That never meant — then or now — that every individual has the same talent, ability or character.
What it did mean back then, and still means today, is that there was to be no class of people — no aristocracy — who would be considered inherently superior by reason of wealth or birth. It meant that the rule of law was to apply equally to all, even the rich and powerful. It meant that criminals who use their power and position to rob pension funds and loot the economy should not be allowed to escape the consequences of their crimes simply because they're titans of finance, captains of industry, or politically well-connected.
Yes, it's true that most if not all of those who signed the Declaration assumed that "men" meant that all males were created equal and that women were not included in that concept. And yes, it's also true that for many of them "men" were assumed to be white men because Native Americans and Blacks were not, in their eyes, fully human.

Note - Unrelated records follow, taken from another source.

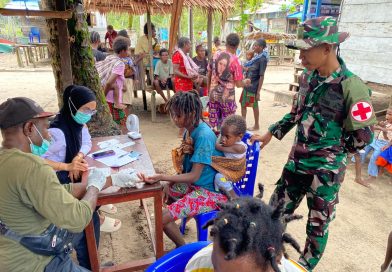 Tim kesehatan dari Satgas TMMD ke-128 Kodim 1710/Mimika menunjukkan kepedulian nyata terhadap warga Distrik Mimika Tengah. Mereka turun langsung mendampingi kegiatan Posyandu Balita dan Lansia di Kampung Keakwa pada Rabu (6/5/2026). (Foto: Puspen TNI)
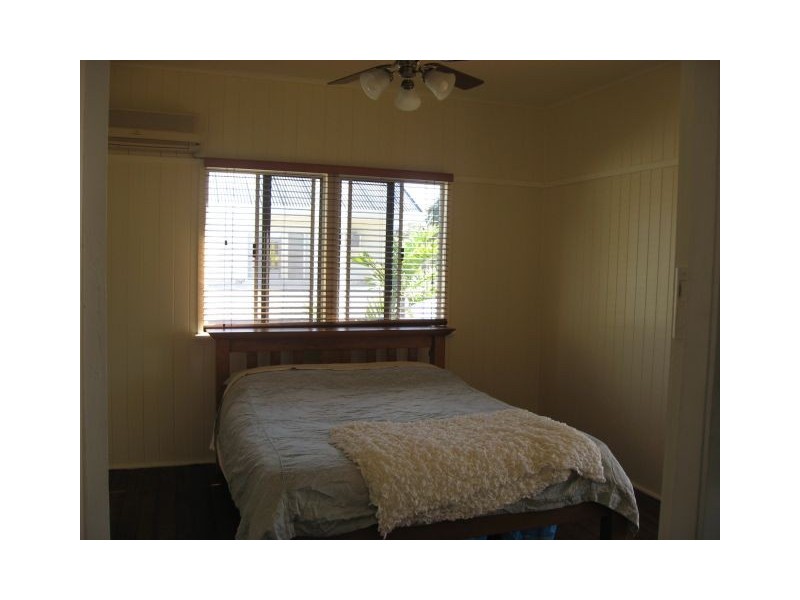 6 Vine Street, North Mackay QLD 4740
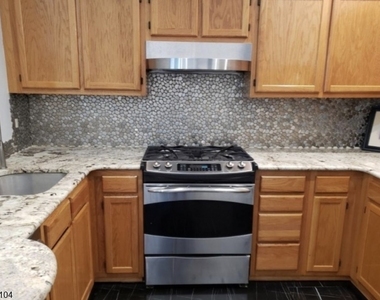 511 Chatfield Dr - Photo Thumbnail 4
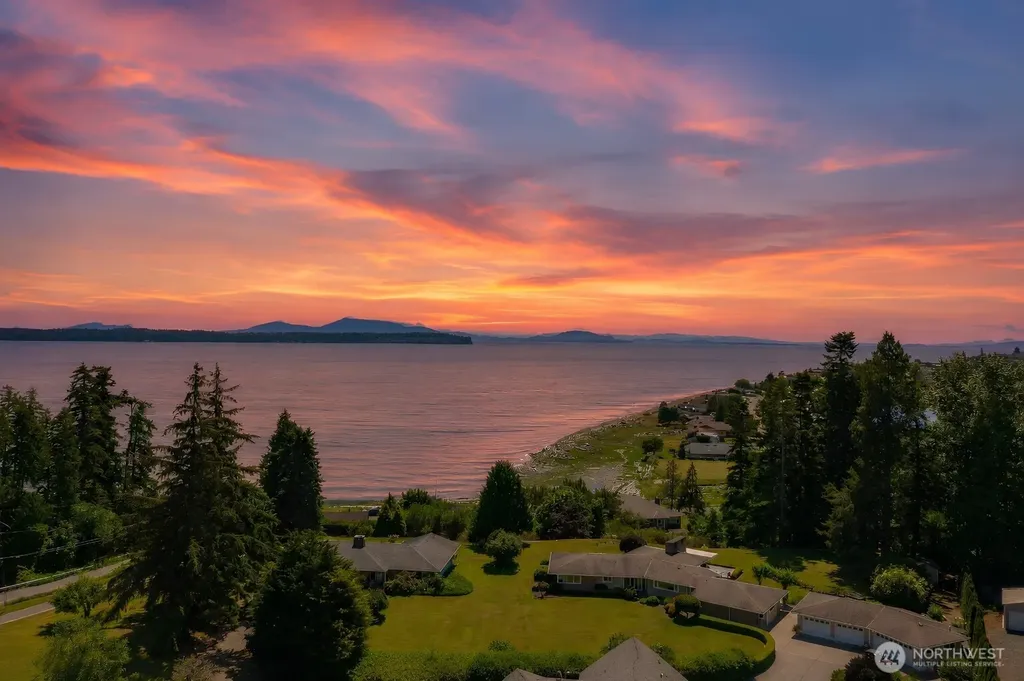 5276 Cherry Tree Lane Blaine WA 98230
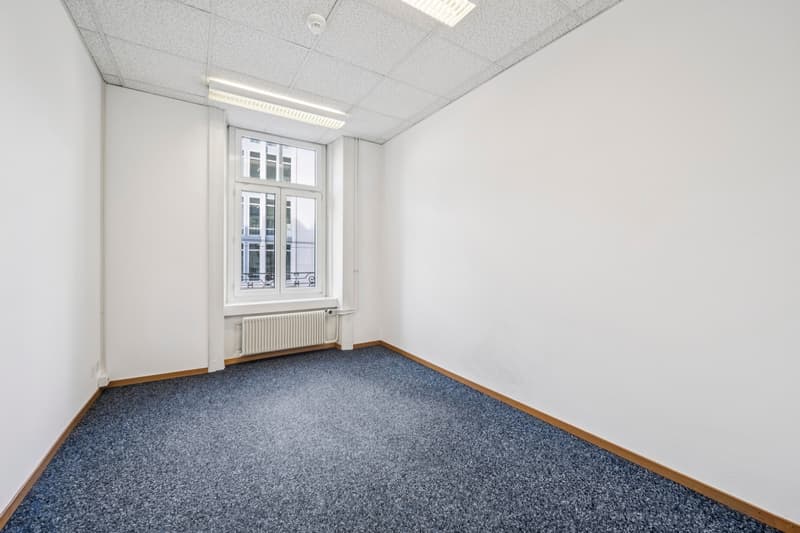zentrale Büroräumlichkeiten auf 330m2 mit Terrasse (8)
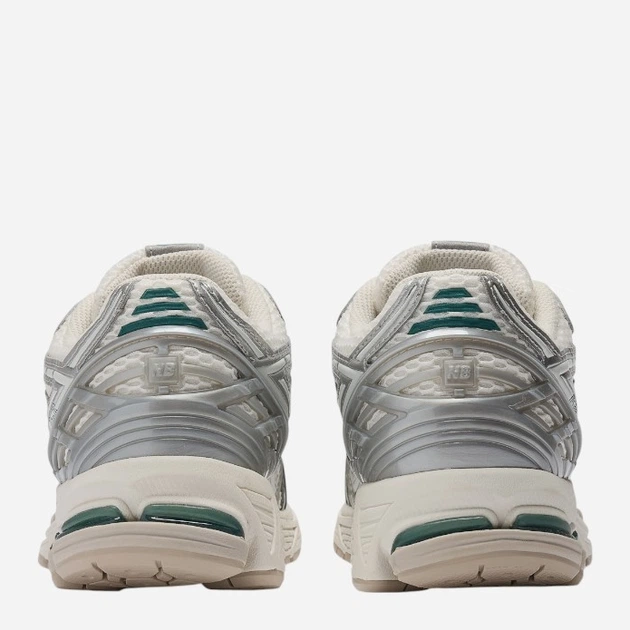 Buty sportowe damskie New Balance 1906R M1906REE 37.5 (5US) Srebrne (197375272047) - obraz 4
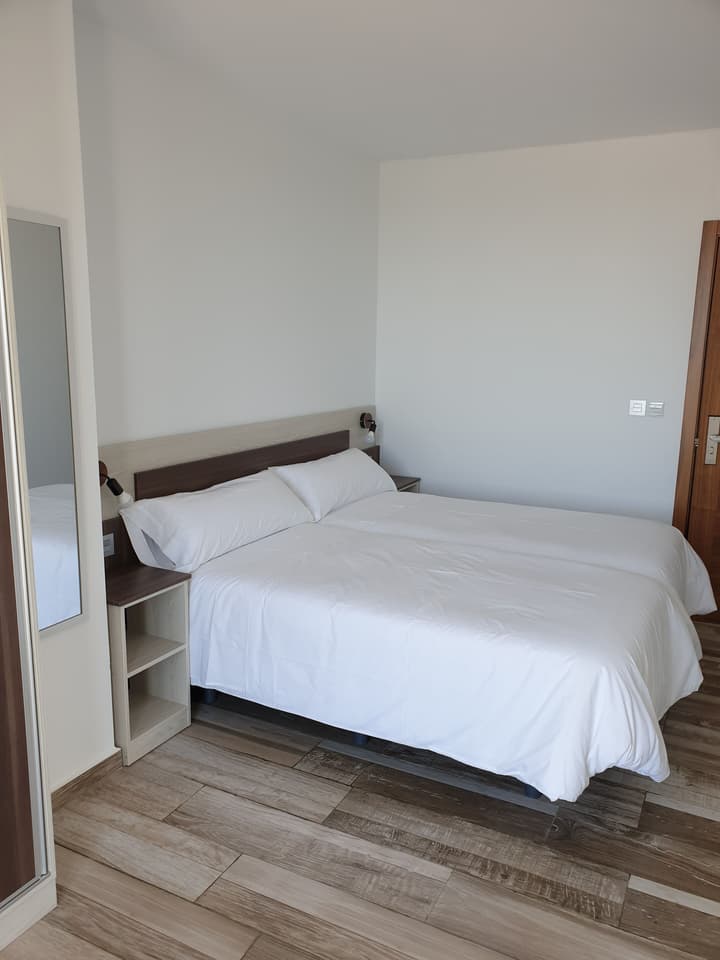 Mesón-Hostal La Cabaña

But it is testimony to the living power of an idea that once articulated it grows and expands beyond the limitations of the original authors. Through 200 years of hard struggle and sacrifice We The People expanded all men are created equal to mean "all humans are created equal." Against bitter and violent opposition we made it so. And we continue to make it so today as we battle to broaden the concepts of justice and equality to include women, nonwhites, immigrants, gays & lesbians, non-Christians, the poor, and yes, even people with odd ideas.

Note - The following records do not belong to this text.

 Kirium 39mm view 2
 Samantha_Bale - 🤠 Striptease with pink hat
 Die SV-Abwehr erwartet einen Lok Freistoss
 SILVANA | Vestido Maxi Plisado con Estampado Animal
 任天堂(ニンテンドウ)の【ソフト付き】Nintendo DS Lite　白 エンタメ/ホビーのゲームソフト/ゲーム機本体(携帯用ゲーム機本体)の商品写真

"That they are endowed by their creator with certain unalienable rights,"
Which means that God endowed everyone — not just the king, not just the aristocracy, not just the obscenely wealthy — with fundamental human rights that cannot be abridged or denied because of birth, gender, religion, national origin, or some social assertion of claimed inferiority. And that "might" does not confer "right," because human rights are inherent in all of humanity — including those at the bottom of the economic pyramid.
"That among these are life, liberty and the pursuit of Happiness."

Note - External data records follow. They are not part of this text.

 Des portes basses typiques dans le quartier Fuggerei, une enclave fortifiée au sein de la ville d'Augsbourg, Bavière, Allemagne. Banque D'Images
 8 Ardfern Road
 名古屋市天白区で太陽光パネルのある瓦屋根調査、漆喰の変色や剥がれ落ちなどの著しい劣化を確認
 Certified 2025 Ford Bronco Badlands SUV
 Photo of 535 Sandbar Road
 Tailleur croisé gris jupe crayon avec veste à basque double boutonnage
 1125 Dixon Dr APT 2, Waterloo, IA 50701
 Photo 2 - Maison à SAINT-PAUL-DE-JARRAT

Which means that people from all walks of life — yes even those who don't look like we — have the right to live free of oppression. That the murder of a Black man is as much a crime as the murder of a white man. That all of us, citizen and immigrant, white and nonwhite, male and female, straight and gay, must be free to walk the streets and pursue our dreams in safety. And that servants and apprentices, menials and laborers, were not and are not lesser creatures forever sentenced to lives of drudgery devoid of hope, forever destined to be the "ten" who toil so that the "one can repose in leisure and luxury.
"That to secure these rights, governments are instituted among men, deriving their just powers from the consent of the governed,"
Which means that political power is not handed down by God to kings and nobles, nor does legitimate power come from the barrel of a gun or from vaults filled with gold. Rather, legitimate government and just political power comes from the informed consent of the people — which is not necessarily the same thing as winning an election through demagoguery, lies and bribes, fraud and deceit.
"That whenever any form of government becomes destructive of these ends, it is the right of the people to alter or to abolish it, and to institute new government, laying its foundation on such principles and organizing its powers in such form, as to them shall seem most likely to effect their safety and happiness."
Which means that "We the People" have the right to determine how, and by whom, we are governed. That we have the right, and in fact the duty, to elect, and if necessary to remove, those who exercise political power in ways that are corrupt, despotic, or autocratic. And that if all else fails and we are faced with the prospect of political tyranny, we have the right to change the methods and forms of government, or completely overthrow an old government and replace it with a new one.